Step 2: Set up equations based on the given information:
From the problem statement, we know that Alex can complete the assembly in four hours less time than Sean, so we have the equation:
A = S - 4
Additionally, we are told that working together they can complete the assembly in one and a half hours, or 1.5 hours. This can be represented as:
1/A + 1/S = 1/1.5
Step 3: Substitute the value of A from the first equation into the second equation:
Substituting A = S - 4 into the equation 1/A + 1/S = 1/1.5, we get:
1/(S - 4) + 1/S = 1/1.5
Step 4: Solve the equation for S:
Multiply both sides of the equation by the least common multiple (LCM) of the denominators to eliminate fractions. In this case, the LCM is 1.5S(S - 4). We get:
1.5S + 1.5(S - 4) = S(S - 4)
Simplify the equation:
1.5S + 1.5S - 6 = S^2 - 4S
Combine like terms:
3S - 6 = S^2 - 4S
Rearrange the equation to set it to zero:
S^2 - 7S + 6 = 0
Step 5: Factor the quadratic equation:
(S - 1)(S - 6) = 0
So, S - 1 = 0 or S - 6 = 0
Solving for S:
If S - 1 = 0, then S = 1
If S - 6 = 0, then S = 6
Step 6: Determine the value of A:
Using the first equation A = S - 4, we can determine the value of A.

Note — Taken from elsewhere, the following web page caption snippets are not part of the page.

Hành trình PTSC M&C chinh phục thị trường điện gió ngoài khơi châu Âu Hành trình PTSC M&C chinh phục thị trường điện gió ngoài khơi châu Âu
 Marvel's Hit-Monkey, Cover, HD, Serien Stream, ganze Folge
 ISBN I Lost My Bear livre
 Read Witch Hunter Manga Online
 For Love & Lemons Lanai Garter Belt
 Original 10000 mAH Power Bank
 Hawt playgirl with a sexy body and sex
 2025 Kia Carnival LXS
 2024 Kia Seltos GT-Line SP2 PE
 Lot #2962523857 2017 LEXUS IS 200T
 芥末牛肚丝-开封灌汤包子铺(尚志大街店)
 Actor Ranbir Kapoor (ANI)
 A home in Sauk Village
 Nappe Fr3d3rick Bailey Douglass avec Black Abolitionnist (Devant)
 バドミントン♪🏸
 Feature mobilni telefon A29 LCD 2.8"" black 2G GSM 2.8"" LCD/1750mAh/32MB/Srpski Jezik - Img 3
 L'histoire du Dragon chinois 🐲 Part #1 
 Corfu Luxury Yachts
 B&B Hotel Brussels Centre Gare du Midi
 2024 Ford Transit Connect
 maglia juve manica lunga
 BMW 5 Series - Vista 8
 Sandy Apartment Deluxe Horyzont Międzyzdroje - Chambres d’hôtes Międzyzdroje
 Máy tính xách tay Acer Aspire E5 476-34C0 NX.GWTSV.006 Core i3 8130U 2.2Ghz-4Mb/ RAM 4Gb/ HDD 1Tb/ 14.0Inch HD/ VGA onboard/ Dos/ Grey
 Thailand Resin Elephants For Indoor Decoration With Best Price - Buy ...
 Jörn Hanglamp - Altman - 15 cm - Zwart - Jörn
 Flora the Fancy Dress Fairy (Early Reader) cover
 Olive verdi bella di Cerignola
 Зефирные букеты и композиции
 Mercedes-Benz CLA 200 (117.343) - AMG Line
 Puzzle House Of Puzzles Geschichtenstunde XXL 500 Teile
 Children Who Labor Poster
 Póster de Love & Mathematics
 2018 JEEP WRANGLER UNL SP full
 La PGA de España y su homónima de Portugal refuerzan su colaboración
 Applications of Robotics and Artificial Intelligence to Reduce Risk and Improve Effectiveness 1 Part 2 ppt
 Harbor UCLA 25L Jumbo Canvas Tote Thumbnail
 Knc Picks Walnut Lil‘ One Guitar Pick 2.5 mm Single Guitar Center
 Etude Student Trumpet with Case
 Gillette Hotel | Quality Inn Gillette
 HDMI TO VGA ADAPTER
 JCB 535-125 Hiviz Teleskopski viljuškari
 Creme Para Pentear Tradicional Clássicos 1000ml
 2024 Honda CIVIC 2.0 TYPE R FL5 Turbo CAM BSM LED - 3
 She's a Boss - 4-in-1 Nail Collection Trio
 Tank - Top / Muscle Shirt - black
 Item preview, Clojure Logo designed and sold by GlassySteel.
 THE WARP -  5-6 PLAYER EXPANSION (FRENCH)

If S = 1, then A = 1 - 4 = -3 (extraneous solution)
If S = 6, then A = 6 - 4 = 2
Step 7: Check the answer:
To check if our solution is correct, we can substitute the values of A and S into the equation 1/A + 1/S = 1/1.5:
1/2 + 1/6 = 3/6 + 1/6 = 4/6 = 2/3
Since 2/3 is equal to 1/1.5, our solution is correct.
Therefore, it would take Alex 2 hours to complete the assembly working alone.